> **Records shown**:
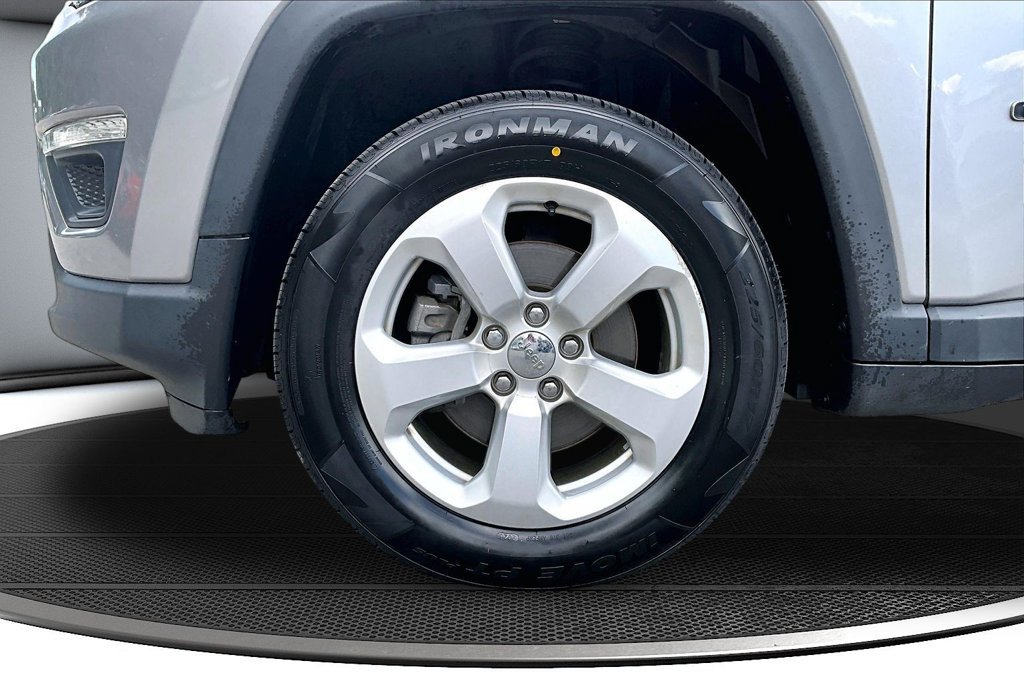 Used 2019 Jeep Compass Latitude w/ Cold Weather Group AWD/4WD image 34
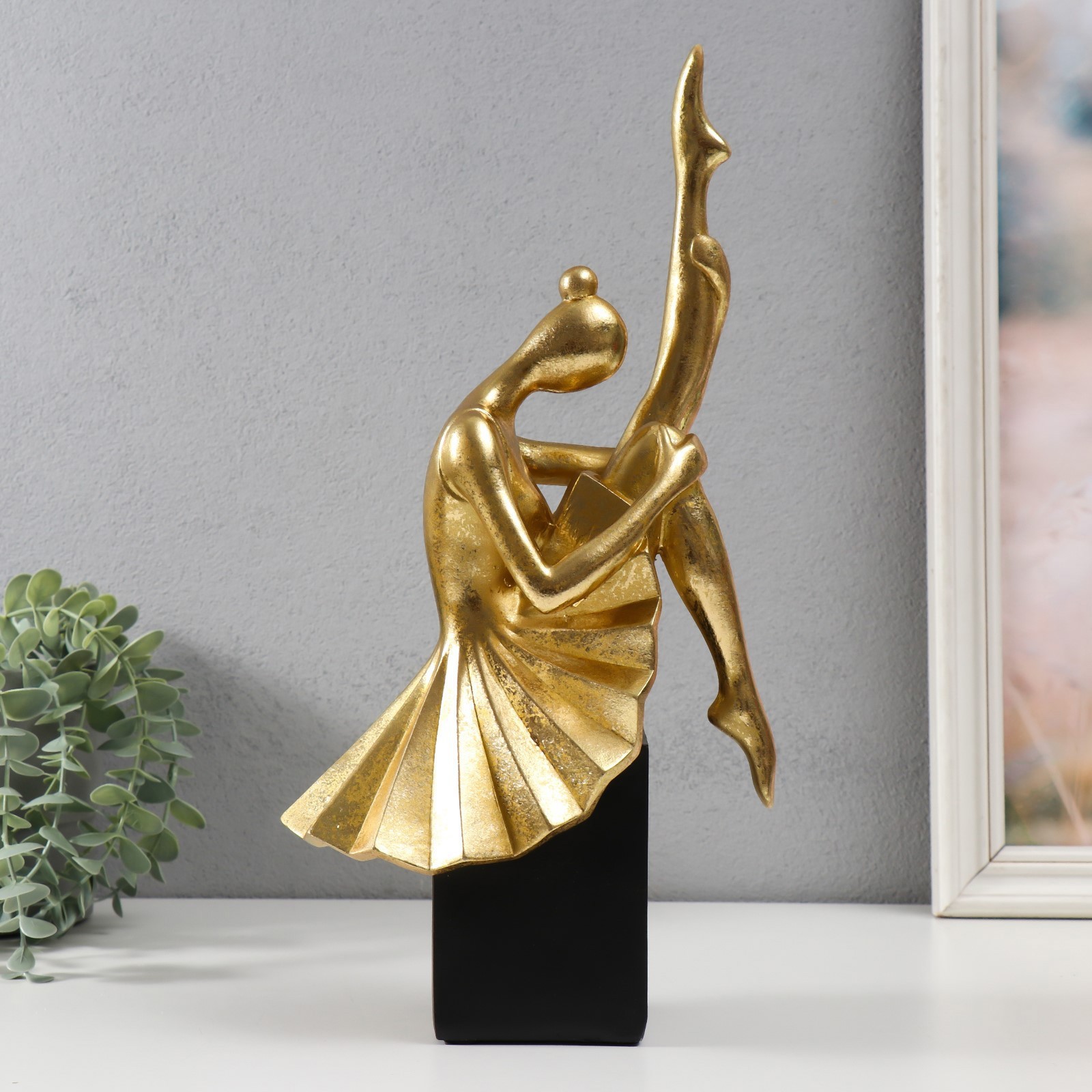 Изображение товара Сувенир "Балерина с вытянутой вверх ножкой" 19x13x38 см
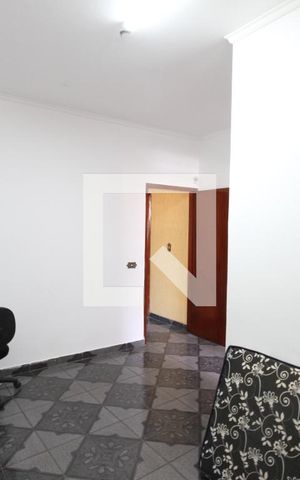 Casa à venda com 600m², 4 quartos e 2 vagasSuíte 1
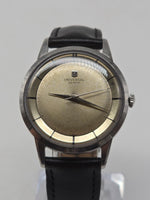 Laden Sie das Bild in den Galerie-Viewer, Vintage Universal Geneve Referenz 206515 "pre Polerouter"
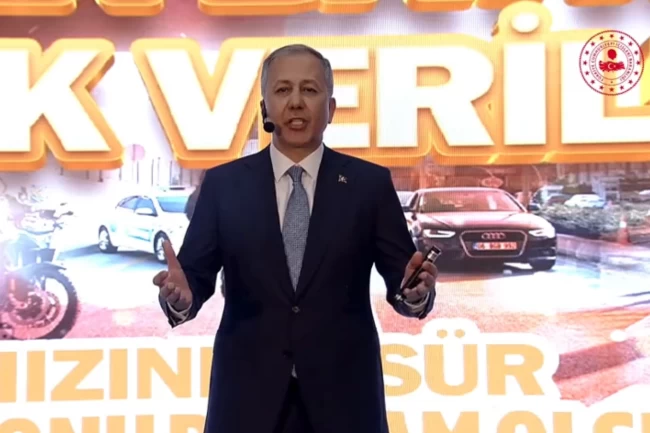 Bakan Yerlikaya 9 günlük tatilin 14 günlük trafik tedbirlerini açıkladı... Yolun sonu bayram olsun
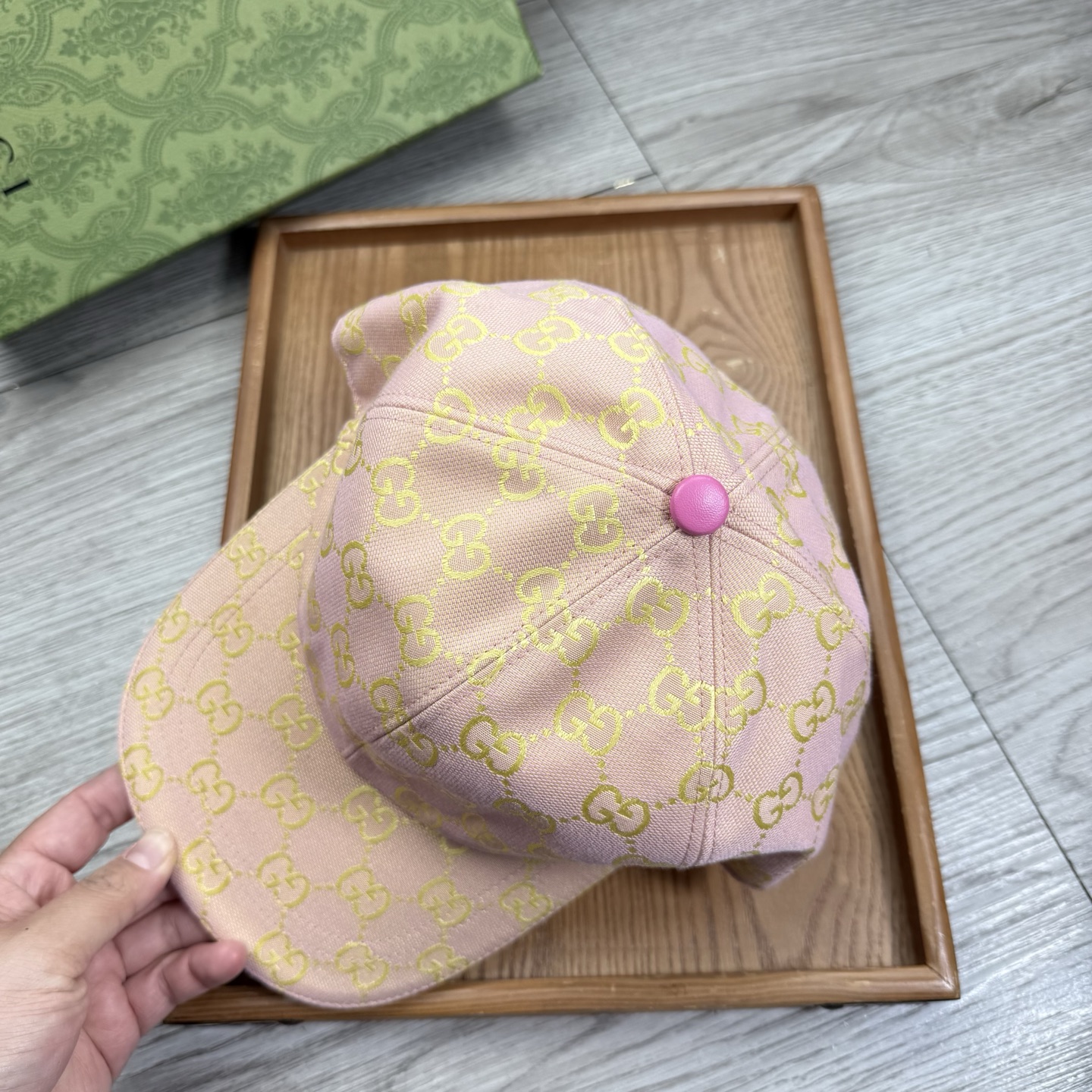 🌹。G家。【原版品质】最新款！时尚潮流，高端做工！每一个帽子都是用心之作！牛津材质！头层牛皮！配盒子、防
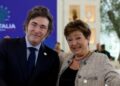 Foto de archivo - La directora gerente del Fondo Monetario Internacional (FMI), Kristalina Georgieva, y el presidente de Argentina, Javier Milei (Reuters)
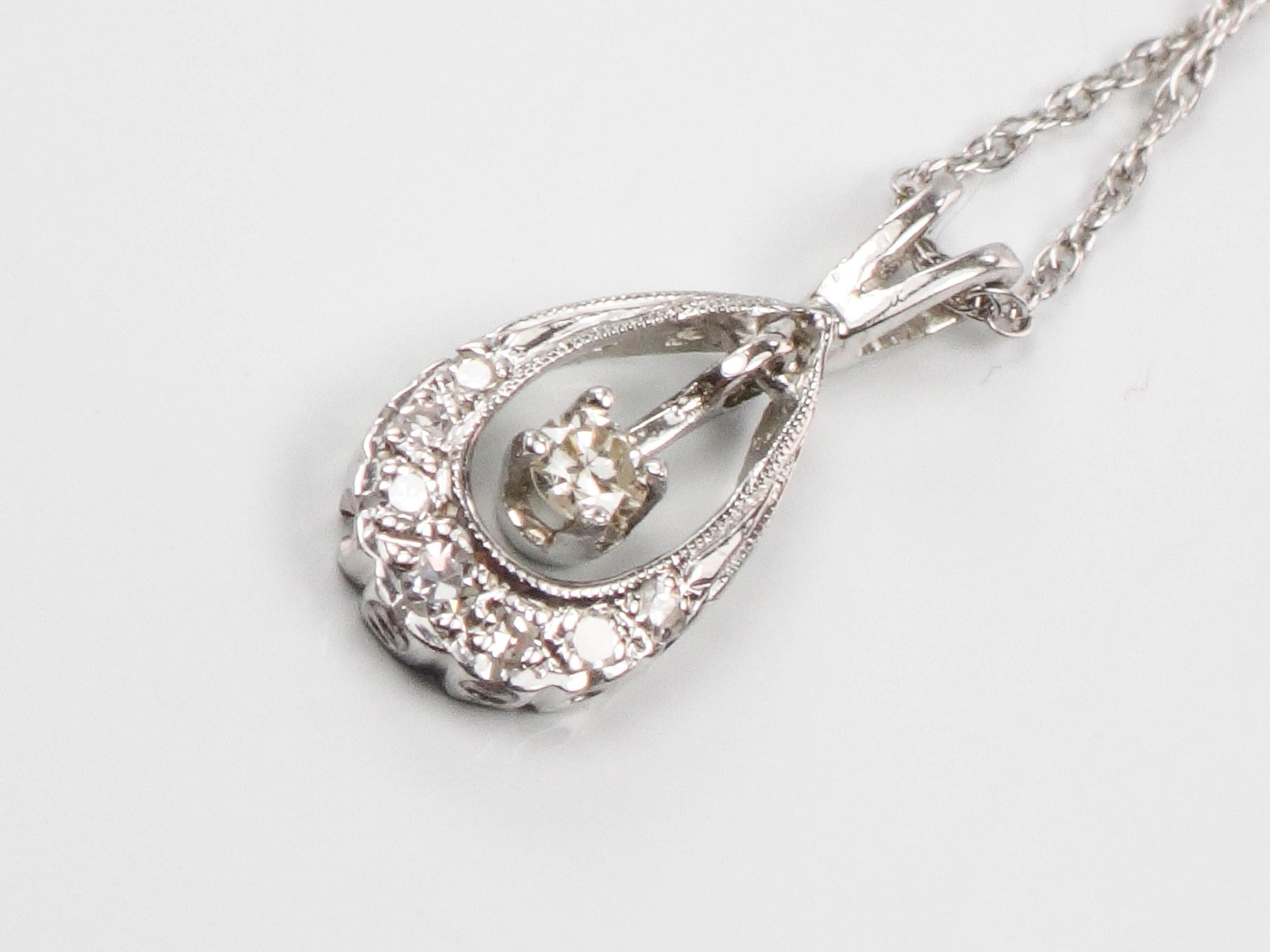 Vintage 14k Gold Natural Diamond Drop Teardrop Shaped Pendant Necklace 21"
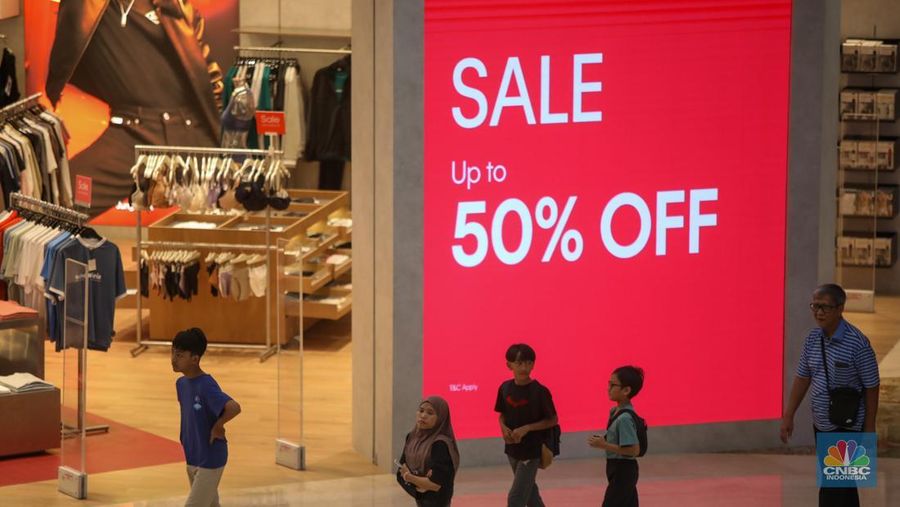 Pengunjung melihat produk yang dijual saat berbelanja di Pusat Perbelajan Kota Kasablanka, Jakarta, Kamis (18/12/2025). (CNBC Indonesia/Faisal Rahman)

> **Task instructions**: Copy out, without any pictures, the lines of the records above from the one containing "Vintage 14k Gold" through the final line, both ends included.

> **Answer**:
 Vintage 14k Gold Natural Diamond Drop Teardrop Shaped Pendant Necklace 21"
 Pengunjung melihat produk yang dijual saat berbelanja di Pusat Perbelajan Kota Kasablanka, Jakarta, Kamis (18/12/2025). (CNBC Indonesia/Faisal Rahman)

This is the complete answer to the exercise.